Task brief:
From the data below, return only the lines from the one with "Hooker Furniture Home" through the one with "Philips 55pus7000 4k", exact and inclusive, with pictures left out.

Record extracts:
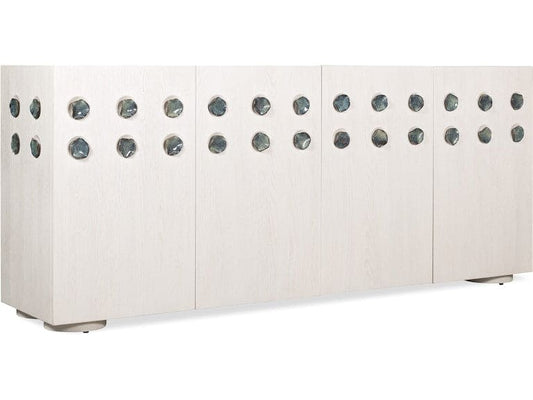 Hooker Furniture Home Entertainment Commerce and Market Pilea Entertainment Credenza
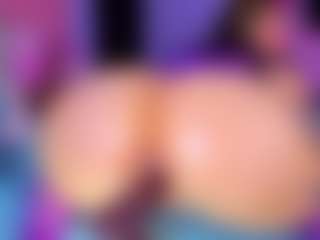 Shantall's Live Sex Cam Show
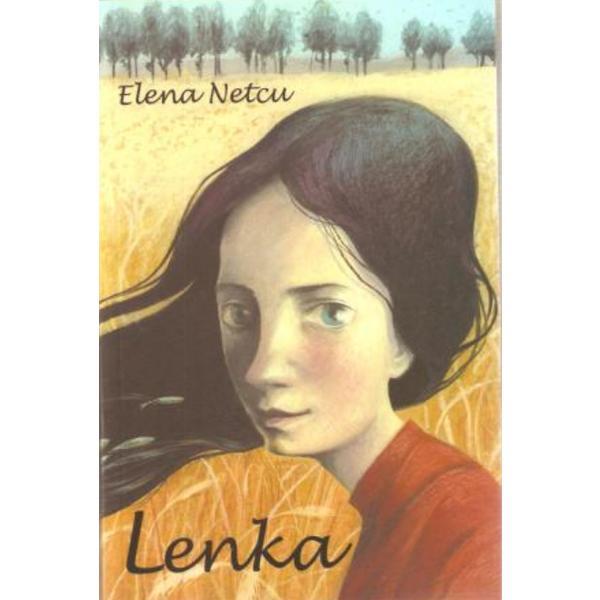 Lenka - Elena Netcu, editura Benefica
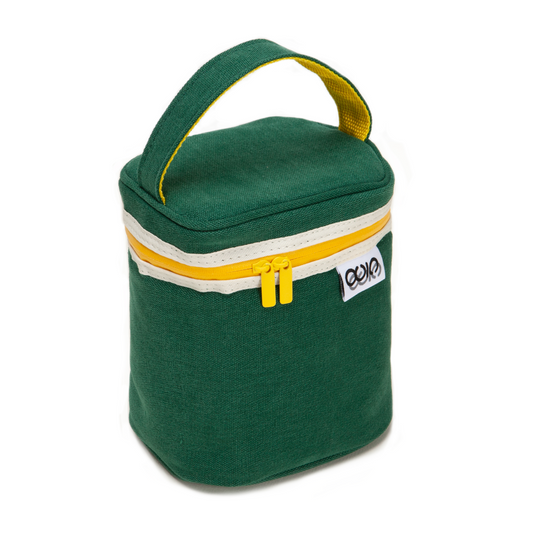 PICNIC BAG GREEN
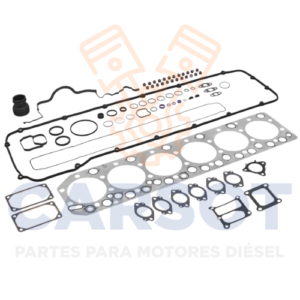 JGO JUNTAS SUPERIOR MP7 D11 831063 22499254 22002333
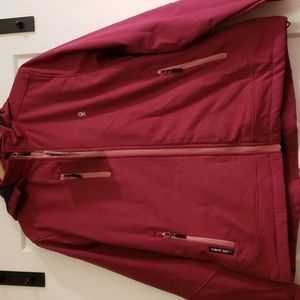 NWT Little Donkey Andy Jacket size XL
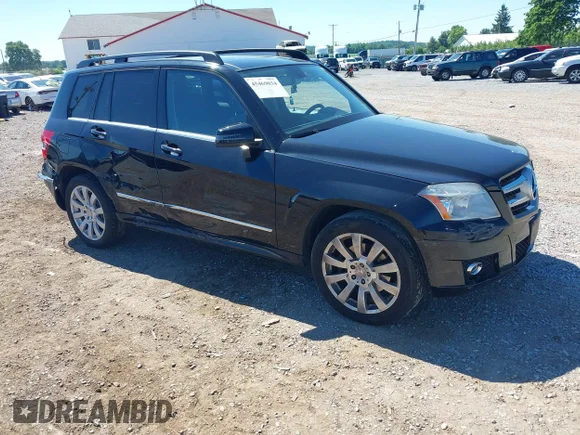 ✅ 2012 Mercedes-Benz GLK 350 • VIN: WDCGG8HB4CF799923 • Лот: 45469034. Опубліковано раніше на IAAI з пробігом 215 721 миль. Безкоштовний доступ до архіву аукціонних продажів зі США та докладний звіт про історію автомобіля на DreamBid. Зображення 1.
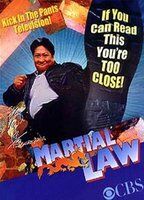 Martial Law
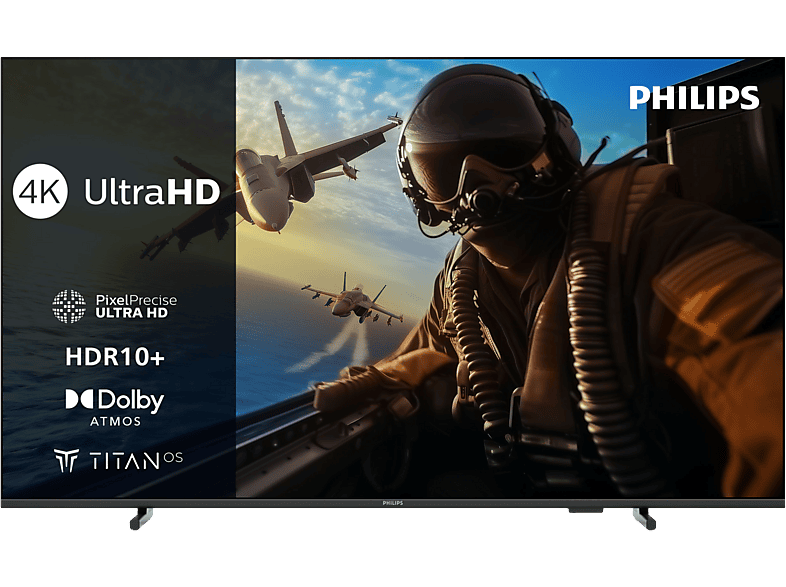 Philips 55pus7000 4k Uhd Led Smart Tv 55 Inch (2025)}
---
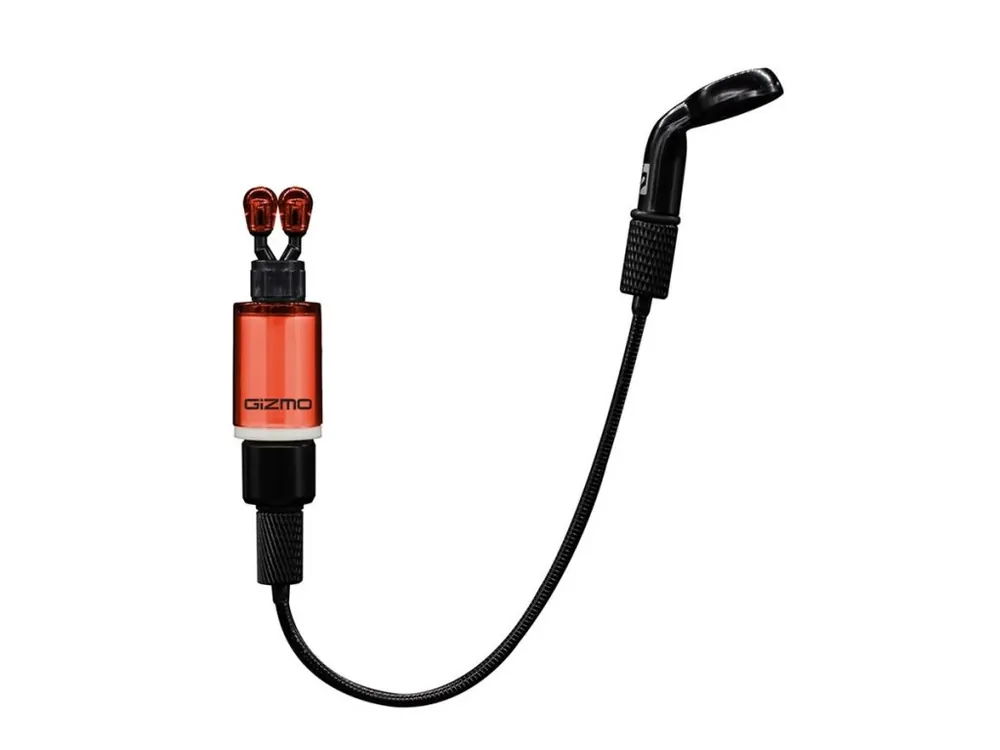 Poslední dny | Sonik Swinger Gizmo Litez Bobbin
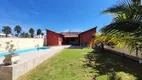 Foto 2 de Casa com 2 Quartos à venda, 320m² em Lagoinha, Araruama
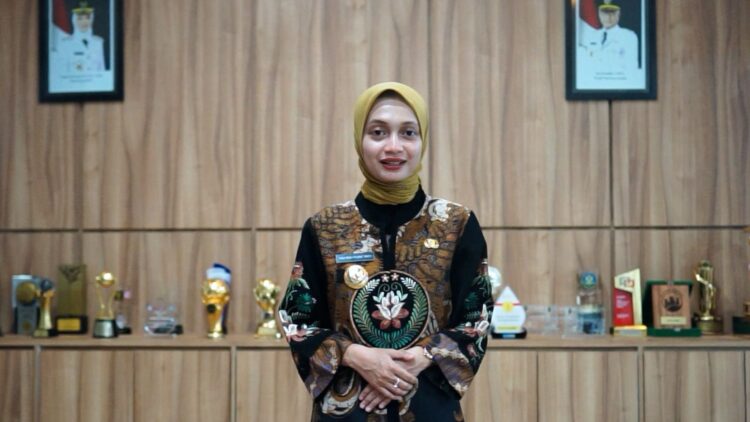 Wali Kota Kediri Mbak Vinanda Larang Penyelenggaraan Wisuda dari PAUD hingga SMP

Task output:
 Hooker Furniture Home Entertainment Commerce and Market Pilea Entertainment Credenza
 Shantall's Live Sex Cam Show
 Lenka - Elena Netcu, editura Benefica
 PICNIC BAG GREEN
 JGO JUNTAS SUPERIOR MP7 D11 831063 22499254 22002333
 NWT Little Donkey Andy Jacket size XL
 ✅ 2012 Mercedes-Benz GLK 350 • VIN: WDCGG8HB4CF799923 • Лот: 45469034. Опубліковано раніше на IAAI з пробігом 215 721 миль. Безкоштовний доступ до архіву аукціонних продажів зі США та докладний звіт про історію автомобіля на DreamBid. Зображення 1.
 Martial Law
 Philips 55pus7000 4k Uhd Led Smart Tv 55 Inch (2025)}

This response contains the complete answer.